Below are some records; quote exactly the lines from the one that contains "Angsana Corfu Resort & Spa" through the one that contains "Glide modellen dempers", inclusive, and no others.

(Records from a data source)
═══

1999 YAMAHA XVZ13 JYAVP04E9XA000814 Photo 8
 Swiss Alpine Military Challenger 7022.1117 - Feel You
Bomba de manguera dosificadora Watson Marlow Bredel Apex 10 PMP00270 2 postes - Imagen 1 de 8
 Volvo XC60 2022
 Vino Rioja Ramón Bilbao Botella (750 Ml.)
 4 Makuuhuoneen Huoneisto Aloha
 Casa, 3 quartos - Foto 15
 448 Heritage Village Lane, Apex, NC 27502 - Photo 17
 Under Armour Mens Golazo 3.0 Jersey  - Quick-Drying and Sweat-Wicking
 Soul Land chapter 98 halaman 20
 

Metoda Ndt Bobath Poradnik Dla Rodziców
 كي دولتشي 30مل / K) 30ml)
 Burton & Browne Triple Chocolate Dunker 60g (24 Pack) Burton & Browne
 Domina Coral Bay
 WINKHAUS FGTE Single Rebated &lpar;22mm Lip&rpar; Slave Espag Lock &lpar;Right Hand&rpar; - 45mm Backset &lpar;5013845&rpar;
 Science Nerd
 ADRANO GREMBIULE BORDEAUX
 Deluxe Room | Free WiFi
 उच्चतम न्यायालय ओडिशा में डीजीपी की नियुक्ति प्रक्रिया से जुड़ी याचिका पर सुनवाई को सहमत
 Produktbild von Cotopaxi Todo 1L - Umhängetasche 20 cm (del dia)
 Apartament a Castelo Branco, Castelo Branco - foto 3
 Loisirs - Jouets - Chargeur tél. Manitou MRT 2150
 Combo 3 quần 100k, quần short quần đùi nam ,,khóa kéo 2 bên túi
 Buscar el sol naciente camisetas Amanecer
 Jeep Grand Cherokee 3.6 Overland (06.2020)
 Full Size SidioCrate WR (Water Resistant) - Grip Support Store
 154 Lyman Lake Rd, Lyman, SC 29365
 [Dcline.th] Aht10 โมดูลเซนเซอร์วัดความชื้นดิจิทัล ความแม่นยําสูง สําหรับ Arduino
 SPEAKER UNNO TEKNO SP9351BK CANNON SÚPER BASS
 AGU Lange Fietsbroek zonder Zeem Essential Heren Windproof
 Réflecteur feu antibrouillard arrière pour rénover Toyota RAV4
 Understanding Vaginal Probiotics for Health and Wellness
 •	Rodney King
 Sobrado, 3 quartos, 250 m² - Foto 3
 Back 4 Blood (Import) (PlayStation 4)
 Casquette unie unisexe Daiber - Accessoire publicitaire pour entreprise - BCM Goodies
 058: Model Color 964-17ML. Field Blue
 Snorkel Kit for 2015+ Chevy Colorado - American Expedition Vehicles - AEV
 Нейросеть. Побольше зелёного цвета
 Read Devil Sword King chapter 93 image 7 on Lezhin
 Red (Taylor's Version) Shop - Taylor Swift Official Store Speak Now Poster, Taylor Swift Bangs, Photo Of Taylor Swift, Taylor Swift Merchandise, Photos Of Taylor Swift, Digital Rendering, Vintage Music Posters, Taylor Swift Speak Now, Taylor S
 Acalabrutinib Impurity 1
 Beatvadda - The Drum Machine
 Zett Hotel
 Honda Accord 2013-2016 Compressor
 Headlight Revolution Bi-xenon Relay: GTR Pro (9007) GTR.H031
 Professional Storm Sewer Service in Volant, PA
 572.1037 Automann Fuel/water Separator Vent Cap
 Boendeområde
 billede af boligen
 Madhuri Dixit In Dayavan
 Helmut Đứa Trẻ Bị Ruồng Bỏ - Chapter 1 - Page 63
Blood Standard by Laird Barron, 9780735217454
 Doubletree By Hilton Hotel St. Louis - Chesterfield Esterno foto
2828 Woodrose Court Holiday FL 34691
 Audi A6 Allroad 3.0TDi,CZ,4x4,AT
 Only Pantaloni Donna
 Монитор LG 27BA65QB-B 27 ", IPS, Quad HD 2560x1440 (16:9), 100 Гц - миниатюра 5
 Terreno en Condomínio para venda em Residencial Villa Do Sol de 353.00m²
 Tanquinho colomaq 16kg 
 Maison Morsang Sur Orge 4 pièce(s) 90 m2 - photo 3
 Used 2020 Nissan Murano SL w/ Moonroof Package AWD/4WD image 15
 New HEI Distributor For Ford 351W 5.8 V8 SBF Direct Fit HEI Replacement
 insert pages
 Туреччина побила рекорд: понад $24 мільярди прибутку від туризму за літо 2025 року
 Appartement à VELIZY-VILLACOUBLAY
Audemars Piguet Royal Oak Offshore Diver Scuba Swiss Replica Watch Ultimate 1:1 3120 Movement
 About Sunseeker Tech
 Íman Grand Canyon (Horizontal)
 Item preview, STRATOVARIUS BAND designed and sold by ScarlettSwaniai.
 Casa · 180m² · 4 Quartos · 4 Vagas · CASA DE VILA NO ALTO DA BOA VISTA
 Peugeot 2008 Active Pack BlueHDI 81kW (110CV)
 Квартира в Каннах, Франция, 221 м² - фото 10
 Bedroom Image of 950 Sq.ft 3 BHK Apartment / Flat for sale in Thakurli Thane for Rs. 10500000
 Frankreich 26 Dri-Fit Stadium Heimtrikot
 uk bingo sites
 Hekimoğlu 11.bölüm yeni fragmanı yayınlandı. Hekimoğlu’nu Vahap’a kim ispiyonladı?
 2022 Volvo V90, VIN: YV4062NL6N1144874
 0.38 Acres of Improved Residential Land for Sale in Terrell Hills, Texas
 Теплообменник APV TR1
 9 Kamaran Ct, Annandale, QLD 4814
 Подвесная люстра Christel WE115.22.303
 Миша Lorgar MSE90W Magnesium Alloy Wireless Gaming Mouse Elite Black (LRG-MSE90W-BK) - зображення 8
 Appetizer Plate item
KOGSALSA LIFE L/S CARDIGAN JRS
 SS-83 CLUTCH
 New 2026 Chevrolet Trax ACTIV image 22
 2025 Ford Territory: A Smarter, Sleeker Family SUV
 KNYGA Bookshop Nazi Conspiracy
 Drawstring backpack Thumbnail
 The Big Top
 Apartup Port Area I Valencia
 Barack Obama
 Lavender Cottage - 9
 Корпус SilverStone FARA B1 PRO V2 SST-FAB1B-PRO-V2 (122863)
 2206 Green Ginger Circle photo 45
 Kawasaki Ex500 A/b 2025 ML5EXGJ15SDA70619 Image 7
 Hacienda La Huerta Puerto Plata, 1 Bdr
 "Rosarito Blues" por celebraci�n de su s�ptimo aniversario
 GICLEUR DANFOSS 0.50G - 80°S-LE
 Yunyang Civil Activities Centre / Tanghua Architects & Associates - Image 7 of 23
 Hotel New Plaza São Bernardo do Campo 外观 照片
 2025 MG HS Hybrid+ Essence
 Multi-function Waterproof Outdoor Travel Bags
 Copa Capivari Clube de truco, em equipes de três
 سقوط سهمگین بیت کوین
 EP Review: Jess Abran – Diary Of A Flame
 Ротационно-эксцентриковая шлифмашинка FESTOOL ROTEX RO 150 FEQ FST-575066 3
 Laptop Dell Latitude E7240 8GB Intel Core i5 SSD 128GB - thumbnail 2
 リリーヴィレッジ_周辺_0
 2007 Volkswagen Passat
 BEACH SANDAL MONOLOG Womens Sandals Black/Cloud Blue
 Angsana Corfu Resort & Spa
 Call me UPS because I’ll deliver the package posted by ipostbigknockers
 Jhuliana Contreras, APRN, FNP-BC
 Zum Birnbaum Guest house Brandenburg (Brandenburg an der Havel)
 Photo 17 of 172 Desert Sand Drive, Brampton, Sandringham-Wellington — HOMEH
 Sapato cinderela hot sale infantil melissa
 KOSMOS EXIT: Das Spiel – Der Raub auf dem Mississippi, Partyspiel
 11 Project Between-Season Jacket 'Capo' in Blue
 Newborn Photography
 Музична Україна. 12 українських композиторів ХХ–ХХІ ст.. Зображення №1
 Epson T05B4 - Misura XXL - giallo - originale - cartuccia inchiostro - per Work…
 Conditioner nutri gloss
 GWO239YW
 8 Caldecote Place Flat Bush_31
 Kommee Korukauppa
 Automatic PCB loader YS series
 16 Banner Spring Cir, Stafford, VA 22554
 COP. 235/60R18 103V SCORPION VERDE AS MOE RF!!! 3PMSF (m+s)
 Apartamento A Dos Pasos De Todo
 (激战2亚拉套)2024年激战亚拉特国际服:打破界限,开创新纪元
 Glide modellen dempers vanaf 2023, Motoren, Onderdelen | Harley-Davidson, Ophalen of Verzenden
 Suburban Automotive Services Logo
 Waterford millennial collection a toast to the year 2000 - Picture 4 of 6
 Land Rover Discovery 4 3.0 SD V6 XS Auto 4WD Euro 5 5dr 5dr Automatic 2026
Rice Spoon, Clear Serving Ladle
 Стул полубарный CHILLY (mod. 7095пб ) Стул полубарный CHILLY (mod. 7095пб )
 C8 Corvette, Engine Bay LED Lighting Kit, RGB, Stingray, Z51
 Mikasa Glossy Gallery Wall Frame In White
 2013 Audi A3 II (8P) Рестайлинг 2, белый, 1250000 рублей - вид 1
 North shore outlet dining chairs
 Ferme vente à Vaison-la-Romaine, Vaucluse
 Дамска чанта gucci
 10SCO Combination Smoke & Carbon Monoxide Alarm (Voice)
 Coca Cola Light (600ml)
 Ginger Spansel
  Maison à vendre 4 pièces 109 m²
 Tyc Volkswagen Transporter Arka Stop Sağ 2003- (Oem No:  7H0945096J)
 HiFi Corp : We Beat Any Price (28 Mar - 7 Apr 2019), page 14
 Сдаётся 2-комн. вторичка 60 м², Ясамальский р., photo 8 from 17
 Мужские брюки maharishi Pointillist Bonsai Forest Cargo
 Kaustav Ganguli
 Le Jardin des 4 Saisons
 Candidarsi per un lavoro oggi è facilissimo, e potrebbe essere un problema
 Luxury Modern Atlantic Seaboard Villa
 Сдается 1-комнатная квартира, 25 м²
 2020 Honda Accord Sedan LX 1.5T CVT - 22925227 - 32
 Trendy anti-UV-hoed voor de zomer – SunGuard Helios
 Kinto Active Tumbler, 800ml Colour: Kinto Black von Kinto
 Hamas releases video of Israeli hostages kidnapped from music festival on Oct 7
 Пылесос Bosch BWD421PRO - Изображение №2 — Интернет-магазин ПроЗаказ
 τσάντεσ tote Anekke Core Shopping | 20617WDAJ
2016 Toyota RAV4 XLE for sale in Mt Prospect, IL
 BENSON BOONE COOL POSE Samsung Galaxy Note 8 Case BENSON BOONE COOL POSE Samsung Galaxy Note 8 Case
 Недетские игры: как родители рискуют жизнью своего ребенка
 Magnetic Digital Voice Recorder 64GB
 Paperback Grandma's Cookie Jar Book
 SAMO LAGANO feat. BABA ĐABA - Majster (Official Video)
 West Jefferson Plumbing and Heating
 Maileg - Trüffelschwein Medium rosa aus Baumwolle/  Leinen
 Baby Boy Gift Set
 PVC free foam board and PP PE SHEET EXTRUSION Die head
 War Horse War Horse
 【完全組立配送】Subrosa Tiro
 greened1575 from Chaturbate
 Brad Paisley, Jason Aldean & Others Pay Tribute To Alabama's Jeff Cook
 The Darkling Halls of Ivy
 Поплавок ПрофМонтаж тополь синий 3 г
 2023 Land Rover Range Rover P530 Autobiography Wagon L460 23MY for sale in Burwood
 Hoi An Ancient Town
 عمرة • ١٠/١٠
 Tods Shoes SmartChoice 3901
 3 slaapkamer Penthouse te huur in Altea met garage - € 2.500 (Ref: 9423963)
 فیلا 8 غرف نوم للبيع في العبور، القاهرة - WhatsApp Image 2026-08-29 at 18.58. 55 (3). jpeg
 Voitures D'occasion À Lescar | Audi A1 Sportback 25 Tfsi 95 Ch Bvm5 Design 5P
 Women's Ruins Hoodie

═══

▶ _ANSWER BOX_:
 Angsana Corfu Resort & Spa
 Call me UPS because I’ll deliver the package posted by ipostbigknockers
 Jhuliana Contreras, APRN, FNP-BC
 Zum Birnbaum Guest house Brandenburg (Brandenburg an der Havel)
 Photo 17 of 172 Desert Sand Drive, Brampton, Sandringham-Wellington — HOMEH
 Sapato cinderela hot sale infantil melissa
 KOSMOS EXIT: Das Spiel – Der Raub auf dem Mississippi, Partyspiel
 11 Project Between-Season Jacket 'Capo' in Blue
 Newborn Photography
 Музична Україна. 12 українських композиторів ХХ–ХХІ ст.. Зображення №1
 Epson T05B4 - Misura XXL - giallo - originale - cartuccia inchiostro - per Work…
 Conditioner nutri gloss
 GWO239YW
 8 Caldecote Place Flat Bush_31
 Kommee Korukauppa
 Automatic PCB loader YS series
 16 Banner Spring Cir, Stafford, VA 22554
 COP. 235/60R18 103V SCORPION VERDE AS MOE RF!!! 3PMSF (m+s)
 Apartamento A Dos Pasos De Todo
 (激战2亚拉套)2024年激战亚拉特国际服:打破界限,开创新纪元
 Glide modellen dempers vanaf 2023, Motoren, Onderdelen | Harley-Davidson, Ophalen of Verzenden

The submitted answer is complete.